Lastly, the views that do the image capturing (so this is complete):

CaptureImageView
struct CaptureImageView {
    @Binding var isShown: Bool
    @Binding var image: UIImage?

    func makeCoordinator() -> Coordinator {
        return Coordinator(isShown: $isShown, image: $image)
    }
}

extension CaptureImageView: UIViewControllerRepresentable {
    func makeUIViewController(context: UIViewControllerRepresentableContext<CaptureImageView>) -> UIImagePickerController {
        let picker = UIImagePickerController()
        picker.sourceType = .camera
        picker.delegate = context.coordinator
        return picker
    }

    func updateUIViewController(_: UIImagePickerController,
                                context _: UIViewControllerRepresentableContext<CaptureImageView>) {}
}
Coordinator (for dealing with SwiftUI & UIKit images)
class Coordinator: NSObject, UINavigationControllerDelegate, UIImagePickerControllerDelegate {
    @Binding var isCoordinatorShown: Bool
    @Binding var imageInCoordinator: UIImage?
    init(isShown: Binding<Bool>, image: Binding<UIImage?>) {
        _isCoordinatorShown = isShown
        _imageInCoordinator = image
    }

    func imagePickerController(_: UIImagePickerController,
                               didFinishPickingMediaWithInfo info: [UIImagePickerController.InfoKey: Any]) {
        guard let unwrapImage = info[UIImagePickerController.InfoKey.originalImage] as?
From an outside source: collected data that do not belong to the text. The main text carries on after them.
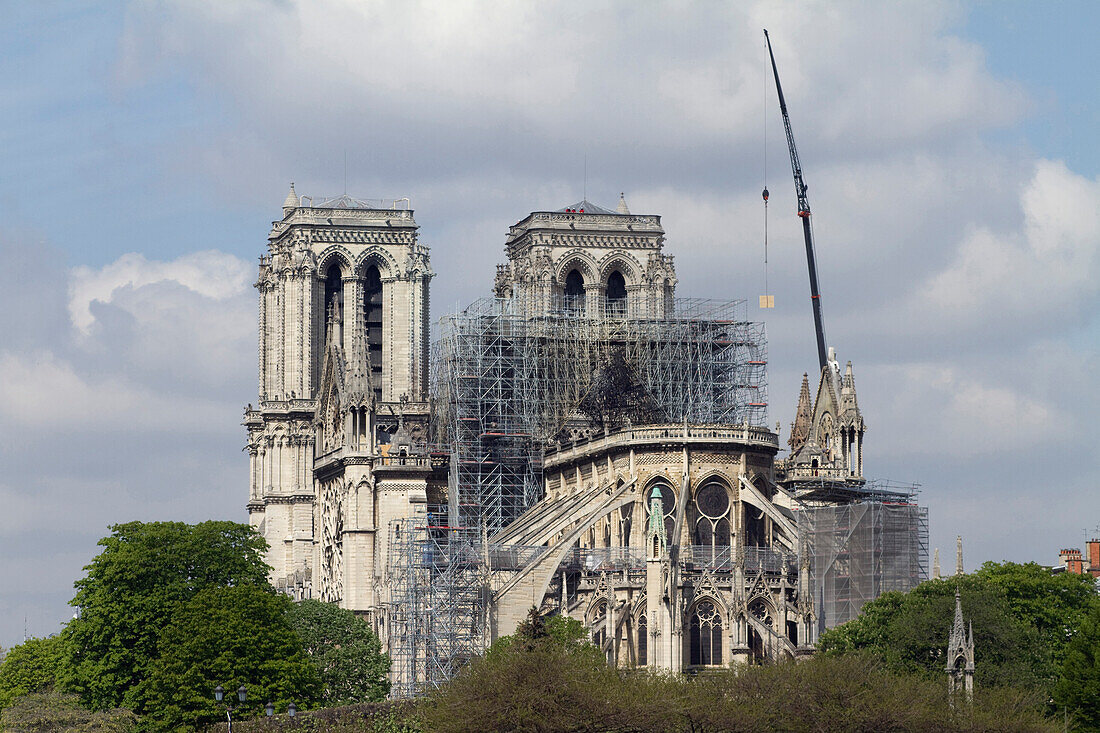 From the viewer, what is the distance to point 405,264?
149 metres

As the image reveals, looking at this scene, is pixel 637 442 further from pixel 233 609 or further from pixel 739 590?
pixel 233 609

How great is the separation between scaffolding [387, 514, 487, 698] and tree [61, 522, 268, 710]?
396 inches

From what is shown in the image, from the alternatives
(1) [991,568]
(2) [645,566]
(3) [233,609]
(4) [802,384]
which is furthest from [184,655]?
(4) [802,384]

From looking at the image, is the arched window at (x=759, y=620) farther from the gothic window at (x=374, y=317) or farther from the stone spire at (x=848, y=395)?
the gothic window at (x=374, y=317)

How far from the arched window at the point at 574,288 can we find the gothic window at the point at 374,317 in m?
13.7

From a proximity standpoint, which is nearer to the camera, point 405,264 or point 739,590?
point 739,590

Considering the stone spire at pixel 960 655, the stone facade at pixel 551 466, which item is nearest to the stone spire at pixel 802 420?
the stone facade at pixel 551 466

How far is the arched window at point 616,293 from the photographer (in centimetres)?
14112

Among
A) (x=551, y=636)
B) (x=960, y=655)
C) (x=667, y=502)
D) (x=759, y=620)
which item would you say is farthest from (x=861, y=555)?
(x=960, y=655)

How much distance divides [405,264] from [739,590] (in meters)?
47.7

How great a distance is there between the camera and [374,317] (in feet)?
494

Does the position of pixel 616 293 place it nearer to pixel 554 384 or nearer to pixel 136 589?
pixel 554 384

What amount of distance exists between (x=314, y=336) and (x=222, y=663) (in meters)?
55.6

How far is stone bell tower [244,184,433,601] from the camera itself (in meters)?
145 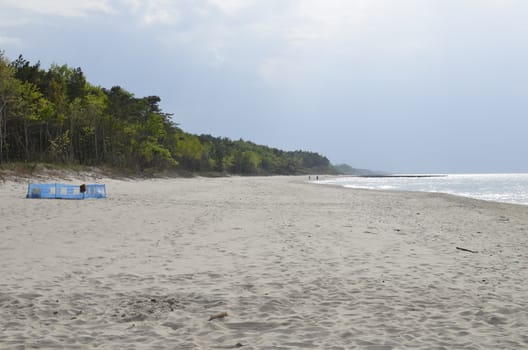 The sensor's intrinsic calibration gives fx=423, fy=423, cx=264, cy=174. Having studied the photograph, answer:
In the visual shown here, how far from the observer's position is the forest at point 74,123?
155 ft

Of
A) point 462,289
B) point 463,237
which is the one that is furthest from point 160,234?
point 463,237

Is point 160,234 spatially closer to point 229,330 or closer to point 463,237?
point 229,330

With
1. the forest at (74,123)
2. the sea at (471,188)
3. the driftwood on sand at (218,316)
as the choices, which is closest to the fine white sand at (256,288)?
the driftwood on sand at (218,316)

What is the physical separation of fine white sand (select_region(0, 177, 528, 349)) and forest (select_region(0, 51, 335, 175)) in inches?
1481

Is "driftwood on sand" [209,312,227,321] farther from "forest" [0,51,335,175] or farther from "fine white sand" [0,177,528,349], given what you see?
"forest" [0,51,335,175]

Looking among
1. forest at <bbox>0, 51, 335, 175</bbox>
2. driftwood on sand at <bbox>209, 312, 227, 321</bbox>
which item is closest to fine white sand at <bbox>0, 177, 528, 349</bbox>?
driftwood on sand at <bbox>209, 312, 227, 321</bbox>

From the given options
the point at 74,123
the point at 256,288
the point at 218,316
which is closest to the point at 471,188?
the point at 74,123

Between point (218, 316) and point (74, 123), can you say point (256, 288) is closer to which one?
point (218, 316)

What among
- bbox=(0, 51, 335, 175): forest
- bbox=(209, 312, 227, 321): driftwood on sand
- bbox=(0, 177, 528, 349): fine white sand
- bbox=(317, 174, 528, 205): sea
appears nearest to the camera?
bbox=(0, 177, 528, 349): fine white sand

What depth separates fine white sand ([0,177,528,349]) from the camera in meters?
5.18

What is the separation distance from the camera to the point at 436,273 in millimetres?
8344

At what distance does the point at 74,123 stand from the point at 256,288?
5906cm

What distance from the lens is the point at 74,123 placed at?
59.2m

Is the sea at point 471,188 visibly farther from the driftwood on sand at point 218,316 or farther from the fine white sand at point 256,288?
the driftwood on sand at point 218,316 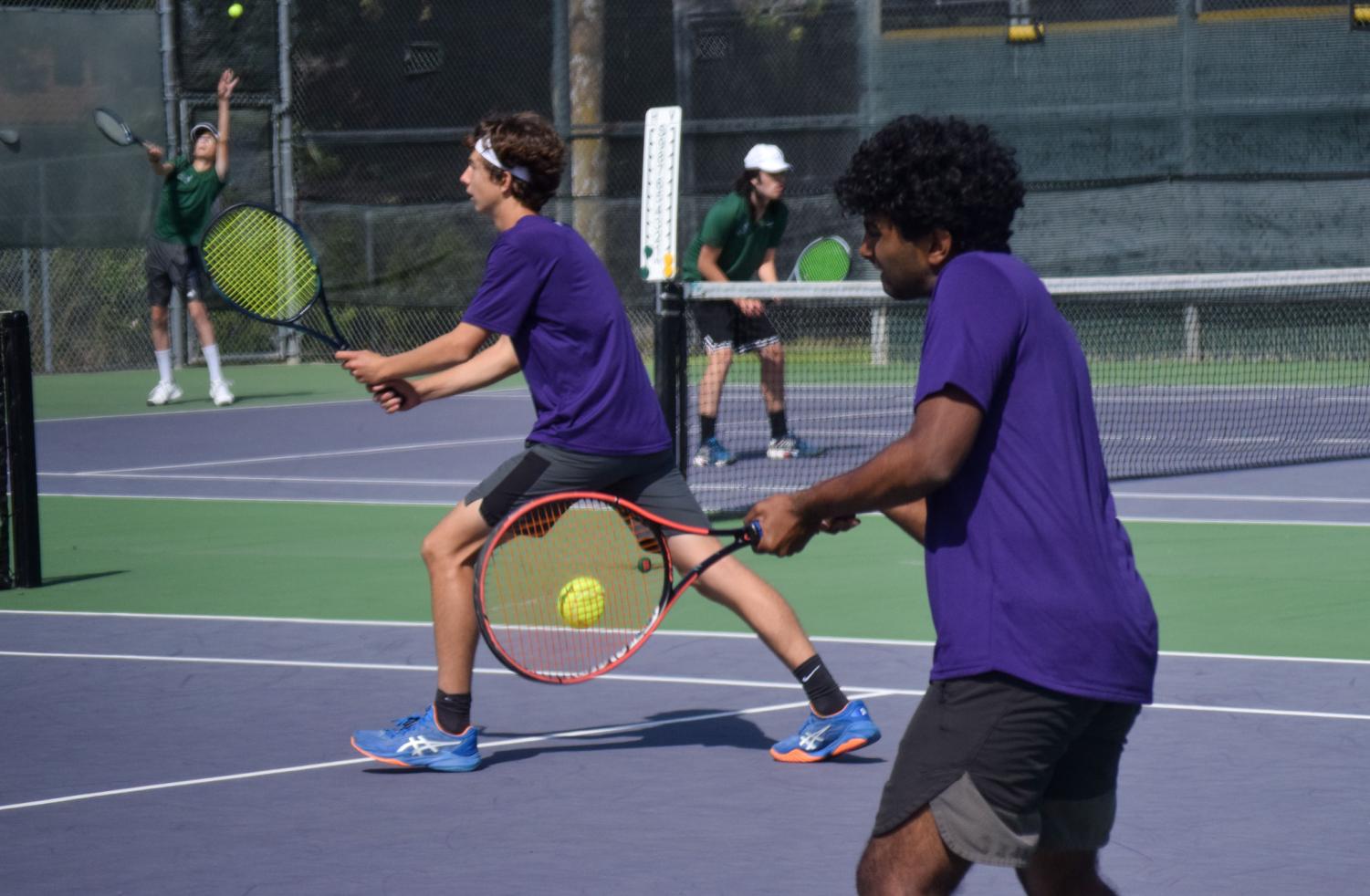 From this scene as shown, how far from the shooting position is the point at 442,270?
20.2 meters

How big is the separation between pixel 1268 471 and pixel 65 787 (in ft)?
26.1

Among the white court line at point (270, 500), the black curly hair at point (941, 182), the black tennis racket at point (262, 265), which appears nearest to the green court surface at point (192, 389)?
the white court line at point (270, 500)

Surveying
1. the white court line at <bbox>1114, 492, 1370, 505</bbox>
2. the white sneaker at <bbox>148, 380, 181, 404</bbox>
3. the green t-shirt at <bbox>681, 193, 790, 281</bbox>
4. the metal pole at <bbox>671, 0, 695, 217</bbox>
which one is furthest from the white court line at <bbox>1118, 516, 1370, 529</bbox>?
the metal pole at <bbox>671, 0, 695, 217</bbox>

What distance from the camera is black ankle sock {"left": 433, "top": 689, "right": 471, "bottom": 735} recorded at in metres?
5.37

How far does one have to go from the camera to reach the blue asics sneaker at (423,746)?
5.36 m

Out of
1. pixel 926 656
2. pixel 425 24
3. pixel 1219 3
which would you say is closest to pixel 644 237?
pixel 926 656

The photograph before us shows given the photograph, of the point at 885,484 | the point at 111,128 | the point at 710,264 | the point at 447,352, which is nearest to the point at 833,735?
the point at 447,352

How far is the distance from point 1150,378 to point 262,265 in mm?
11695

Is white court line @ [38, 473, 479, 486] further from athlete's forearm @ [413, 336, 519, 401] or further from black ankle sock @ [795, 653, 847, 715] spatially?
black ankle sock @ [795, 653, 847, 715]

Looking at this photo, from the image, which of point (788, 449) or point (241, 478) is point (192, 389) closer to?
point (241, 478)

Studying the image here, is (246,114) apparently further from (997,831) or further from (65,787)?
(997,831)

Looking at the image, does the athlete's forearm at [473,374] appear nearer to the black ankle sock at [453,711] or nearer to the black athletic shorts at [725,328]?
the black ankle sock at [453,711]

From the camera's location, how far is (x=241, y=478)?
12.0m

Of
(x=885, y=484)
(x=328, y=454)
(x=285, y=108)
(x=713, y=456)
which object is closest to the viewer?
(x=885, y=484) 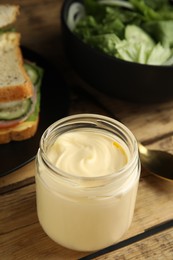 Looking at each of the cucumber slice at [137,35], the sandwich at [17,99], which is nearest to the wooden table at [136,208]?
the sandwich at [17,99]

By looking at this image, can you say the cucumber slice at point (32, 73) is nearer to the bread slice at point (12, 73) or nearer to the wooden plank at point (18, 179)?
the bread slice at point (12, 73)

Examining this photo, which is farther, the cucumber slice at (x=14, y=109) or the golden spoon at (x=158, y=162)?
the cucumber slice at (x=14, y=109)

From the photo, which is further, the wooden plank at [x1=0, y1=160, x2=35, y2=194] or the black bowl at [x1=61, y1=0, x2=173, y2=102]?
the black bowl at [x1=61, y1=0, x2=173, y2=102]

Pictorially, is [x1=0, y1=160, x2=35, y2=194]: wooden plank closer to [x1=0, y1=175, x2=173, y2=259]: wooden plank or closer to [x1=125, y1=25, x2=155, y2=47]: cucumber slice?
[x1=0, y1=175, x2=173, y2=259]: wooden plank

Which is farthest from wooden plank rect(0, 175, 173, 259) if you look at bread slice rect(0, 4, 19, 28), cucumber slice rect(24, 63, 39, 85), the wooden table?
bread slice rect(0, 4, 19, 28)

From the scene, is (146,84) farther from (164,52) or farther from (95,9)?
(95,9)

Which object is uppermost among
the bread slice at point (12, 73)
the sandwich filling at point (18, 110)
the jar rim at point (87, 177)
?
the jar rim at point (87, 177) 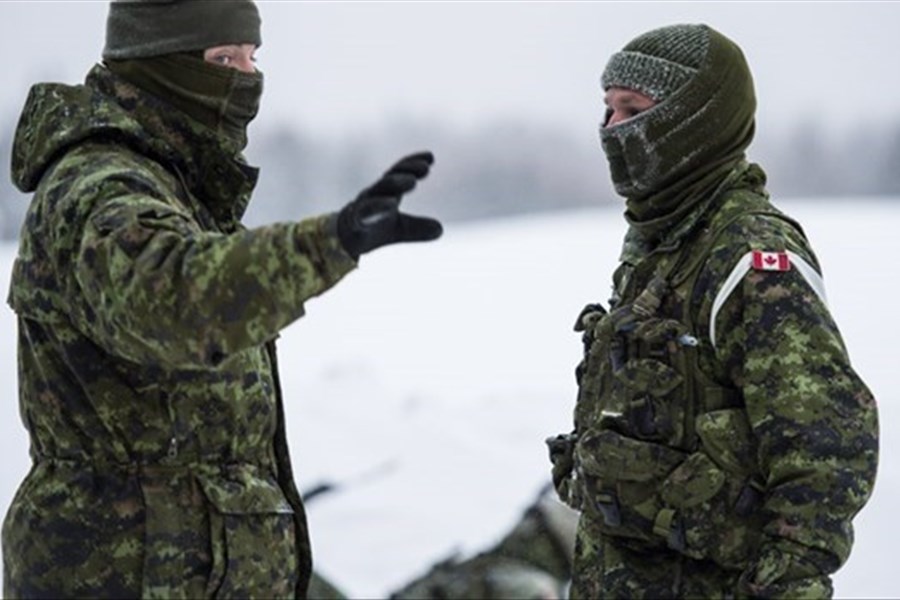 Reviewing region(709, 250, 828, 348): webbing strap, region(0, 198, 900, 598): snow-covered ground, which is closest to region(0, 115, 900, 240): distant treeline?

UIImage else { return }
        imageInCoordinator = unwrapImage
        isCoordinatorShown = false
    }

    func imagePickerControllerDidCancel(_: UIImagePickerController) {
        isCoordinatorShown = false
    }
}
Firebase Vision Text Recognizer
class ScaledElementProcessor {
    let vision = Vision.vision()
    var textRecognizer: VisionTextRecognizer!

    init() {
        // Provide language hints
        let options = VisionCloudTextRecognizerOptions()
        options.languageHints = ["nl"]
        textRecognizer = vision.cloudTextRecognizer(options: options)
    }

    func process(in image: UIImage?,
                 callback: @escaping (_ text: VisionText) -> Void) {
        guard let image = image else { return }
        let visionImage = VisionImage(image: image)

        // provide metadata to improve text recognition
        let metadata = VisionImageMetadata()
        metadata.orientation = .topLeft
        visionImage.metadata = metadata

        textRecognizer.process(visionImage) { result, error in
            guard
                error == nil,
                let result = result,
                !result.text.isEmpty
            else {
                return
            }
            callback(result)
        }
    }
}

I tried already to play around with some calculations like the one from the Firebase example project (also UIKit) but the results were all the same - the images were all too small. I hope, that someone has an idea.

@eszter Thank you for sharing your solution - much appreciated!